Be warned: Within its first few minutes, "Under the Same Moon" will reach out, grab your heart and squeeze, hard. This often wrenchingly moving film -- about a 9-year-old boy searching for his mother across the U.S.-Mexico border -- exerts immediate, irresistible power, combining an affecting story, indelible characters, urgent topical relevance and superbly calibrated sentimentality. As this absorbing story wends through the harrowing realities of modern-day immigration, the audience's only recourse is to hope ever more fervently that "Under the Same Moon" won't break the hearts it has so swiftly and thoroughly captured.
Thanks to the uncommonly shrewd judgment of screenwriter Ligiah Villalobos and director Patricia Riggen, both newcomers, the film never feels like rank exploitation, even as it steadily aims for the emotional jugular. They keep their story gratifyingly simple: Rosario (Kate del Castillo) has been living in Los Angeles for five years, working as a maid and sending money back to her son, Carlitos (Adrian Alonso), who lives with his grandmother in Mexico. A sudden turn of events inspires the resourceful Carlitos to travel to California to find Rosario, even though he possesses only a mailing address and a vague notion of where she calls him every week from a pay phone. The film follows him for an event-filled week during which he illegally crosses the border and along the way encounters a series of strangers who aid, abet and betray him.

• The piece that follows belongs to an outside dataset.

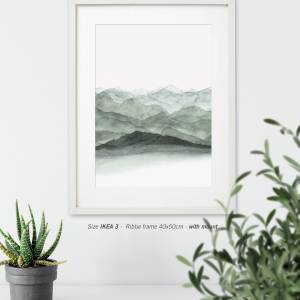 Aquarelldruck Berge in Grün, abstrakte Kunst für Küche, Wohnzimmer, Schlafzimmer, Arztpraxis oder Wartezimmer Bild 5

Deftly cutting between Carlitos's journey and Rosario's life in L.A., the filmmakers present a vivid, almost palpable image of the lives of undocumented workers who sacrifice everything to escape grinding poverty and offer their children something more. "No one chooses to live this way without a good reason," observes one of Carlitos's traveling companions. That simple truth takes on unforgettable life in a story that traverses tense border checkpoints, chemical-laden tomato farms, restaurant kitchens and L.A.'s faceless, imposing metropolis.
The tone never succumbs to unremitting grimness. Instead, the filmmakers regularly leaven their story with little unexpected grace notes of humor and tender irony.
The fact that "Under the Same Moon" has been crafted with such an adroit, sensitive touch should reassure viewers that, as it approaches its utterly gripping climax, their hearts are in good hands, too.
-- Ann Hornaday (March 21, 2008)
Contains mature themes. In Spanish with subtitles.